При этом, до меня не доходили тогда сведения о появлении более непримиримого течения левых – ленинских «якобинцев», стремившихся перехватить руководство у «жирондистов-новоискровцев». Я ничего не знал о майском третьем съезде в Лондоне (первом чисто большевистском); а на нем, после принятия общим фронтом «освобожденческого» движения лозунгов всеобщего избирательного права и Учредительного собрания, был уже намечен, в отсутствие меньшевиков, дальнейший шаг: полная победа «демократической рабоче-крестьянской диктатуры». Эта диктатура должна явиться результатом успешного вооруженного восстания, которое низвергнет самодержавие с его дворянством и чиновничеством и заменит его демократической республикой с революционным Временным правительством во главе. В это правительство смогут войти и с.-д., чтобы «давить» на него не только «снизу», но и «сверху». Это будет все же только буржуазно-демократическая власть; но она облегчит дальнейший переход, при обязательном содействии всемирной революции, к осуществлению социализма в России. Тут была, в зародыше, вся ленинская программа 1917 г. Она резко противопоставлялась буржуазному «предательству», срыву революции и ограничению ее «куцей конституцией», при полном нежелании упрямой власти считаться даже и с нею. Конечно, при этом «буржуазная демократия» не только не приглашалась к дальнейшему сотрудничеству, но, напротив, принципиально устранялась от него, чтобы «не связывать рук» крайне левой тактике.
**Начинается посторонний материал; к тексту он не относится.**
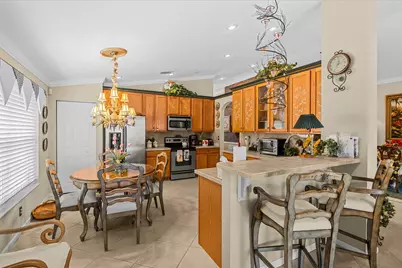 6948 SE Twin Oaks Circle, Stuart, FL 34997 - Photo 13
Надо признать, что вся эта упрощенная проекция ленинских геометрических линий в политическую пустоту должна была самой своей общедоступностью и абсолютной формой утверждений и требований гораздо сильнее подействовать на массы, нежели извилистые, полные благоразумных оговорок формулы резолюций, которые собравшиеся в Женеве меньшевики противопоставили решениям Лондонского третьего съезда. До нашей среды все эти тонкости внутренней междоусобной борьбы в среде с.-д. просто не доходили вовремя. Только в конце июля Ленин напечатал свой сравнительный комментарий большевистских и меньшевистских резолюций в нашумевшей брошюре «Две тактики». Притом же к октябрю разногласия «двух тактик» успели уже несколько сгладиться. Главное различие между ними было, в сущности, не столько в лозунгах, сколько в способах их осуществления. То, что Ленин уже в мае смело поставил на первую очередь, для меньшевиков оставалось тогда за горизонтом практической политики. Лишь в октябре и ноябре эти лозунги не только показались осуществимыми, но и были превзойдены при содействии Троцкого. Он себе приписывал поправку, по которой Временное правительство с преобладанием с.-р. должно было образоваться не после победы вооруженного восстания, а в самом процессе этого восстания, как руководящая восстанием власть. Эта поправка и была положена в основу тактики Совета рабочих депутатов, как ее представлял себе Троцкий.